=== Data extract ===

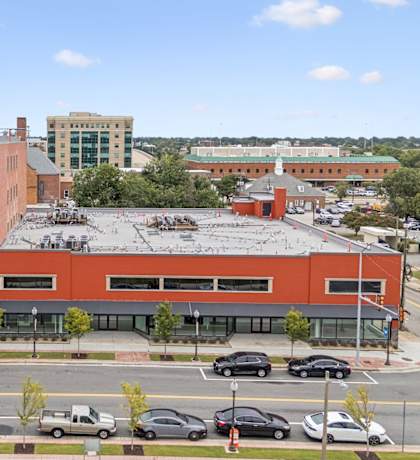 A parking lot with cars and a building in the background.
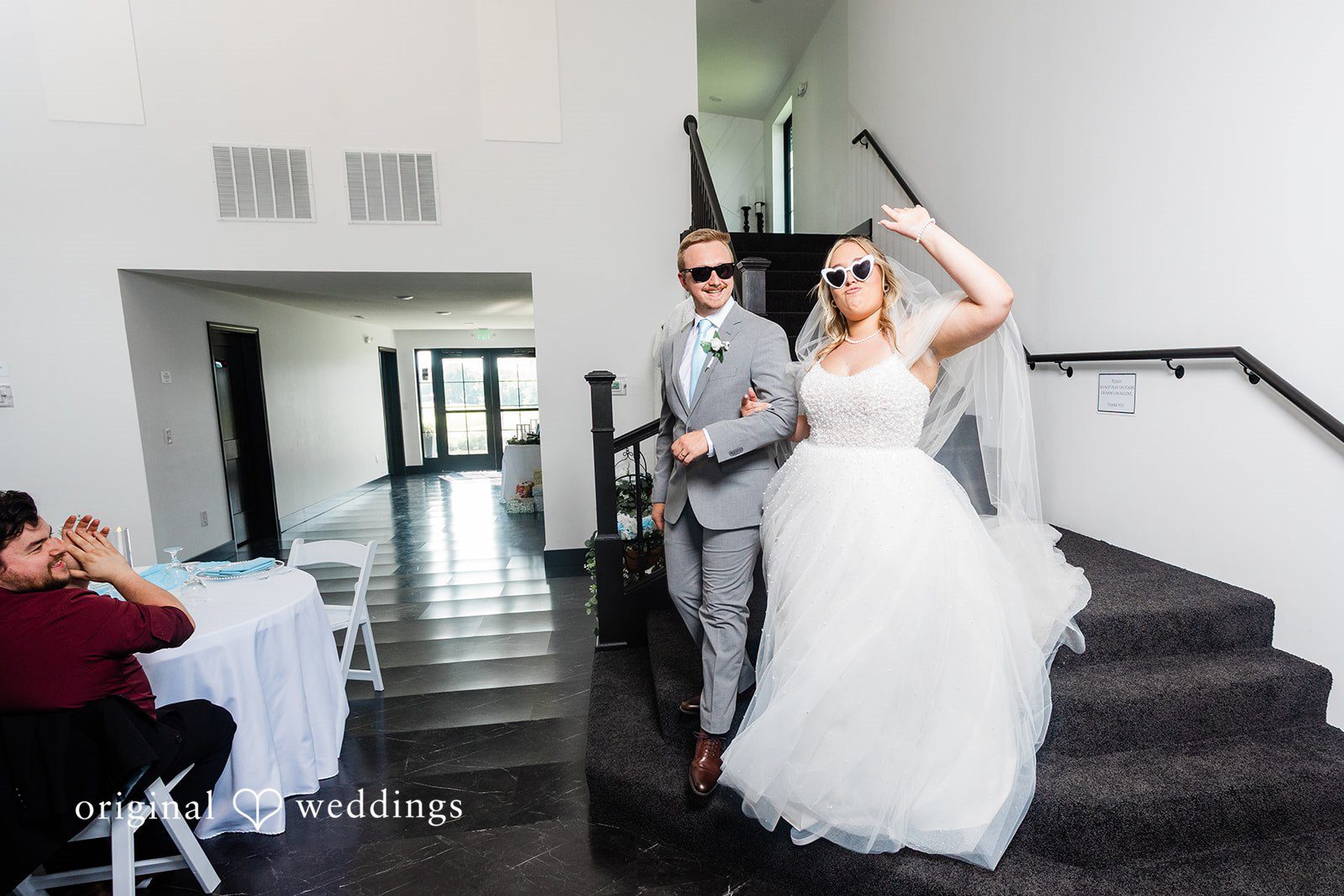A bride and groom wearing sunglasses walk down a dark staircase while making a grand entrance at their wedding reception.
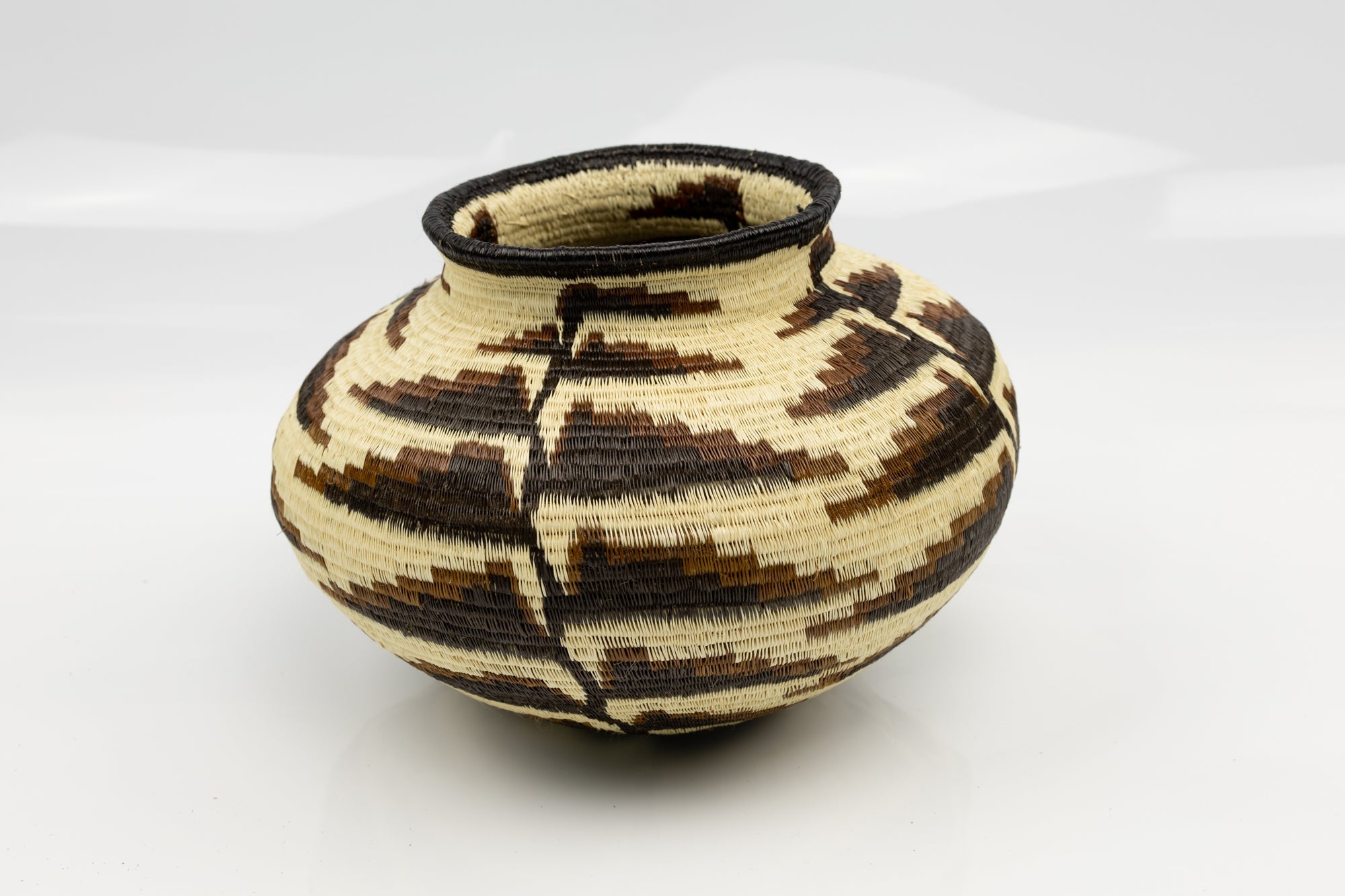 Handcrafted woven basket with geometric pattern on a white background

===

## Your assignment:
The whole listing above, word for word: repeat it with the pictures excluded.

## Reply:
 A parking lot with cars and a building in the background.
A bride and groom wearing sunglasses walk down a dark staircase while making a grand entrance at their wedding reception.
 Handcrafted woven basket with geometric pattern on a white background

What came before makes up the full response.